MTSU’s Data Science Institute is digging deep into data provided by Midstate social impact technology company Hytch to see how users of its app-based rewards program are affecting traffic throughout the region.
The Nashville-based company has hired the MTSU institute to study data from the Hytch Rewards app and offer the company insights on how commuters are using the service, which seeks to reduce traffic congestion and pollution through ride sharing, carpooling or use of public transit.
“We trust MTSU in our quest for discovering emerging patterns that better inform future decisions,” said Mark Cleveland, Hytch CEO and co-founder. “The objective is to learn where we might focus greater incentives and give cash rewards to people who share their rides.”
The goal is to identify Hytch’s impacts on traffic, such as reducing the number of single-occupancy vehicles. For example, the data may show that if Hytch takes 1,200 cars off the road through ride-sharing, it trims an average Midstate commute by 15 minutes, and according to the analysis by the student-led team at MTSU, for every car ride that is shared, at least one car is taken off the road.
“The Hytch Rewards platform uses behavioral economics to influence transit decisions,” said Charlie Apigian, interim director of the institute and a professor of information systems and analytics in MTSU’s Jones College of Business.
“With so many miles shared and payments distributed by Hytch — analyzing that much data takes time and resources. The data might prove how inexpensive it is to modify behavior and get more value out of our existing road network.”
Hytch Rewards, available for iPhone and Android, helps users track shared rides, earning them “Trees Saved” whenever they carpool, ride-share or use public transit. People who live in sponsored areas or work for an employee sponsor can also earn cash rewards for each qualifying mile shared and tracked using the app.
Hytch says its sponsors have injected more than $125,000 directly into the wallets of Nashville commuters who make smarter shared-mobility decisions. The rewards are funded by market and employee sponsors like H.G. Hill, Onin Staffing and Nissan.

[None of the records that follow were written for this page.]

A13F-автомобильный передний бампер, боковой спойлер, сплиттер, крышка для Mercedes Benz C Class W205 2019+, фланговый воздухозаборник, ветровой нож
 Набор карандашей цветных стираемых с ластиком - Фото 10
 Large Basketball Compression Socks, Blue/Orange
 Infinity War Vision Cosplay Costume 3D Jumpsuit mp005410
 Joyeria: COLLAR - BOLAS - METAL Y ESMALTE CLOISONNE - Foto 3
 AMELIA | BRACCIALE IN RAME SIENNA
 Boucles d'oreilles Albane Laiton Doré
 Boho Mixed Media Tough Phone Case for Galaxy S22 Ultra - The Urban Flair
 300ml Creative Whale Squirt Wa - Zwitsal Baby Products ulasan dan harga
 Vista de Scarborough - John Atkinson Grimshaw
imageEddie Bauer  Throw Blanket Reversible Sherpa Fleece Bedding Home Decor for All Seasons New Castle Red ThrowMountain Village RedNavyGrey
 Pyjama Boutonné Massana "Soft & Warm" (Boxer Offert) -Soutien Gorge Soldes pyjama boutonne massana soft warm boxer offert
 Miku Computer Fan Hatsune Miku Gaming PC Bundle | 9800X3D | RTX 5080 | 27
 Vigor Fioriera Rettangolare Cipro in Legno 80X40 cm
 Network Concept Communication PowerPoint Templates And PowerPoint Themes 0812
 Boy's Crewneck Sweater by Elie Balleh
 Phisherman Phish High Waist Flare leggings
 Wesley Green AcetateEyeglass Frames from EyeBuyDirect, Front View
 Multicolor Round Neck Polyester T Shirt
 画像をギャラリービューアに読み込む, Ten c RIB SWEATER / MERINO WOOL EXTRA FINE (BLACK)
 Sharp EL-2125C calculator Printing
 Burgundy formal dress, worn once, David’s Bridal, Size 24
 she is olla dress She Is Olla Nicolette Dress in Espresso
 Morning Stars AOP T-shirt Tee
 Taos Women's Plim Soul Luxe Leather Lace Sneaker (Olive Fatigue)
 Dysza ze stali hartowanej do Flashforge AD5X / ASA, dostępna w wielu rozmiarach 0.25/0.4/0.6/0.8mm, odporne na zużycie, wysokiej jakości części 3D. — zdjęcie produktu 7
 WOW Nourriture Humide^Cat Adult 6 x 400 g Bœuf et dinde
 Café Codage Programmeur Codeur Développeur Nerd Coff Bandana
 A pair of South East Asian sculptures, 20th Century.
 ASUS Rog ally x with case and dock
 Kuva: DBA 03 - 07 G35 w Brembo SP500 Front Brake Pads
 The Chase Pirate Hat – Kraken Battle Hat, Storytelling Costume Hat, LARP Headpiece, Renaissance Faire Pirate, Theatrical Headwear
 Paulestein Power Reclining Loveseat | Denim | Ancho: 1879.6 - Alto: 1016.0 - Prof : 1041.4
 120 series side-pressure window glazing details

As an institute customer, Hytch officials anticipate patterns to emerge using data overlays with weather conditions, traffic flow and fuel cost data, for example. With a grant from the Tennessee Department of Transportation, Hytch says it is working with TDOT and more recently with the Greater Regional Nashville Council as well as WeGo Transit to design reward rules that reduce traffic throughout the region.
MTSU launched the Data Science Institute in spring 2018 with a mission to promote funded interdisciplinary research and develop public and private collaborations around the emerging field of “big data.”
“When a company wants to know what its data is telling them, an academic environment is the perfect place to turn to,” Apigian said, “because (companies are) always trying to solve a problem today, and they don’t have the time or resources to look retroactively … It’s a lot of data exploration that we’re doing for them.”
Cleveland has been a popular guest lecturer in MTSU’s computer sciences, aerospace and entrepreneurship programs. Apigian started talking to Cleveland before the company’s app launched, resulting in Hytch contracting with the Institute through the MTSU Office of Research and Sponsored Programs.
The Data Science Institute seeks to create opportunities for faculty and students to collaborate on interdisciplinary research; bring in substantial grants and funding for interdisciplinary data projects; and establish big data partnerships and projects with companies and other external entities.
The Hytch project involves four students — one undergraduate, two master’s students and one doctoral candidate — as well as two alumni mentors. The team is also interdisciplinary, ranging from information systems to computational science majors, with students and mentors earning a small stipend for their work.
“They’re doing really good work,” Apigian said.
Apigian said he feels the institute’s academic setting allows the team he’s directing to review the data objectively and dissect it in ways that many private companies can’t. So the institute’s value isn’t necessarily solving problems for companies — they usually have personnel responsible for doing that — it’s telling them what the data means.
“I have all of this data, but I have no idea what it’s telling me,” Apigian said of the challenge facing many private companies. “So we’re going to visualize the data, we’re going to explore the data, then we’re also going to model and predict things based on the data.”
MTSU recently notified the Tennessee Higher Education Commission of its plans to develop a bachelor’s degree in data science to build upon many of the attributes of the new institute.